Libya becoming HQ for major terrorists

By Aaron Klein

A gasoline depot in Tripoli set ablaze during the 2011 war
A gasoline depot in Tripoli set ablaze during the 2011 war

TEL AVIV – In the aftermath of the jihadist massacres in France, much of the international focus has been on Yemen, Iraq and Syria as the planning and training centers for al-Qaida and ISIS.

However, lost in the much of the Western discussion has been the central threat located in Libya, where al-Qaida groups maintain bases and where the ISIS has been growing in strength.

Middle Eastern security officials speaking to WND say Libya is quickly taking the place of Yemen as a main headquarters for some of the world’s most dangerous international terrorist organizations.

The U.S. and NATO in 2011 deposed the regime of Moammar Gadhafi, providing vast quantities of weaponry to rebels there. Some of the weapons reportedly fell into the hands of terrorist organizations. Islamic extremists control large swaths of Libya.

On Monday, Libyan Prime Minister Abdullah al-Thani warned in an interview that if the international community does not act soon, his country could become a dangerous haven for jihadists targeting Europe.

“The international community must co-operate with Libya to put an end to extremism and terrorism and help government institutions, namely the army, by lifting the arms embargo,” Thani said, referring to a U.N. Security Council ban on arms to Libya.

Currently, an Islamist-led coalition largely controls Tripoli. The group, known as Fajr Libya, also occupies the city of Misrata, while the al-Qaida-inspired Ansar al-Sharia is said to dominate Benghazi, Libya’s second largest city.

“The international community classified Ansar al-Sharia as a terrorist organization, and it is leading an international coalition to crush such groups in Iraq and Syria,” said Thani.

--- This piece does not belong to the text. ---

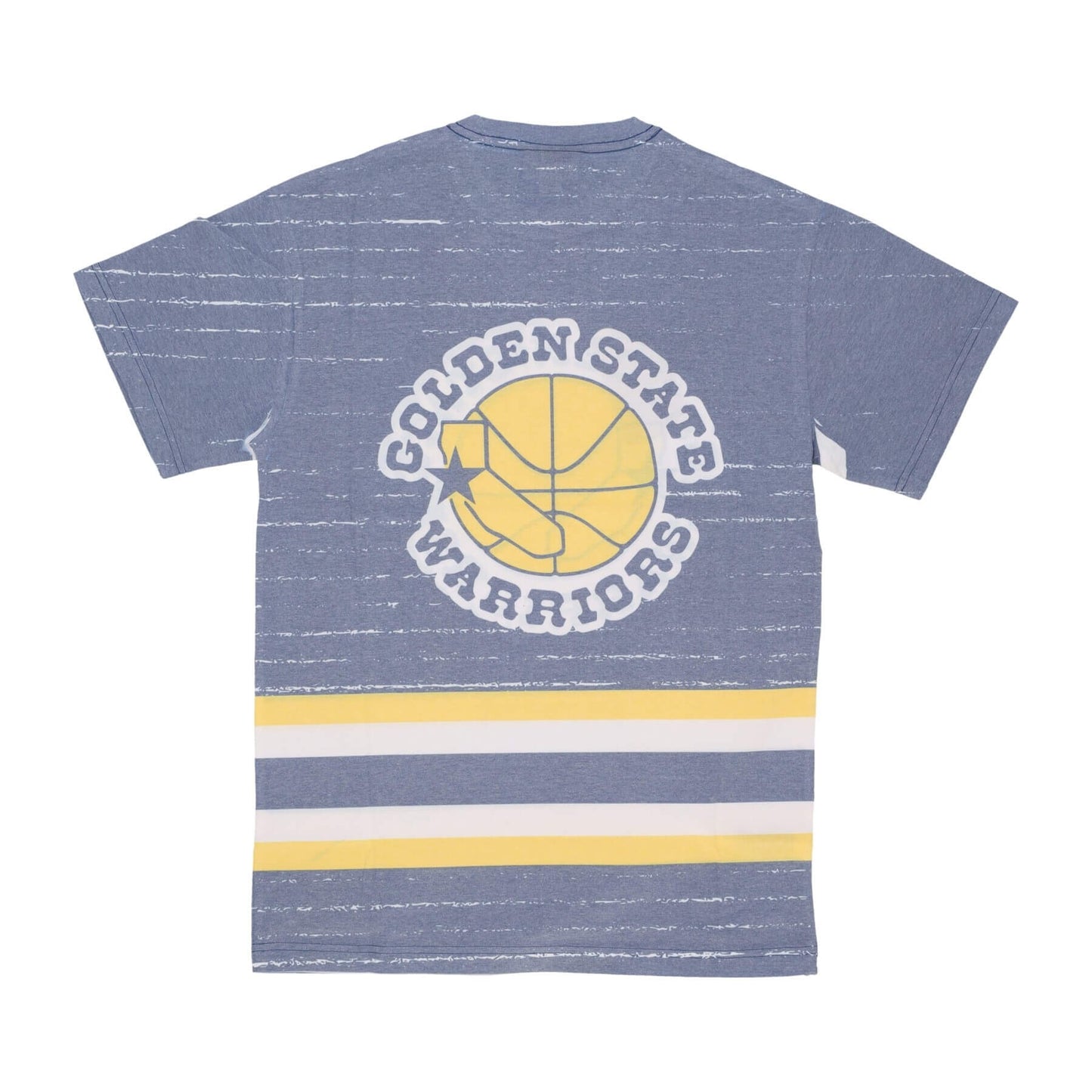 Mitchell & Ness NBA Jumbotron 3.0 Sublimated Ss Tee Golden State Warriors Multi / White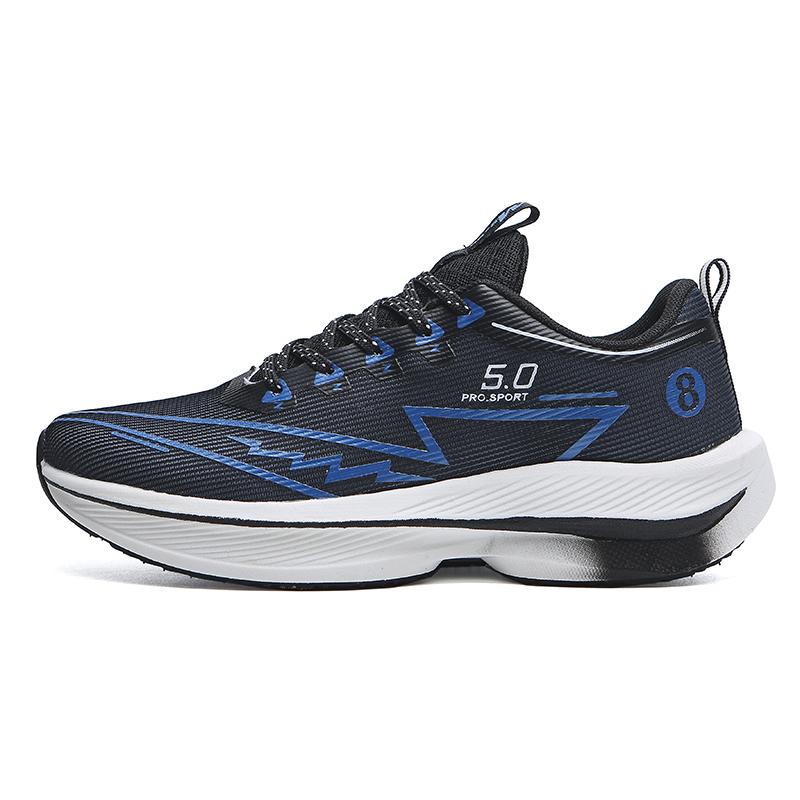 Running Shoes Men Lightweight Comfortable Sports Shoes Men Thick-soled Lace-up Air Mesh Breathable Casual Sports Shoes Men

He said that in Libya, however, the government and armed forces “are battling these groups alone, without any support from the international community.”

“We are afraid that the groups that are in Syria and Iraq will infiltrate Libya if [coalition forces] tighten the noose around them there.”

Ansar al-Sharia in both Benghazi and Derna pledged allegiance to ISIS in October, although some Western analysts believe the affiliation to be loose.

Al-Qaida in the Islamic Magreb is also said to be present in Ubari, Libya.

Agence France-Presse recently reported jihadists camps throughout Libya are being used to train militants to fight abroad.

Just last week, two Tunisian journalists reportedly kidnapped in September were brutally killed, with the Libyan branch of ISIS claiming responsibility.

ISIS in Libya also claimed this week it is behind the abduction of 21 Coptic Christians, releasing pictures of the captives.

Meanwhile, local Libyan TV stations recently aired photos and videos of what they claimed were ISIS members arrested or killed in battles with the Libyan army in Benghazi.

The Libyan daily Al-Awsat also published photos showing a purported ISIS patrol in Tripoli dismantling a local cosmetic store it said was against Islam.

And the Libyan government has announced that upwards of 20 percent of all terrorists arrested come from foreign countries, including Syria, Algeria, Tunisia and Egypt.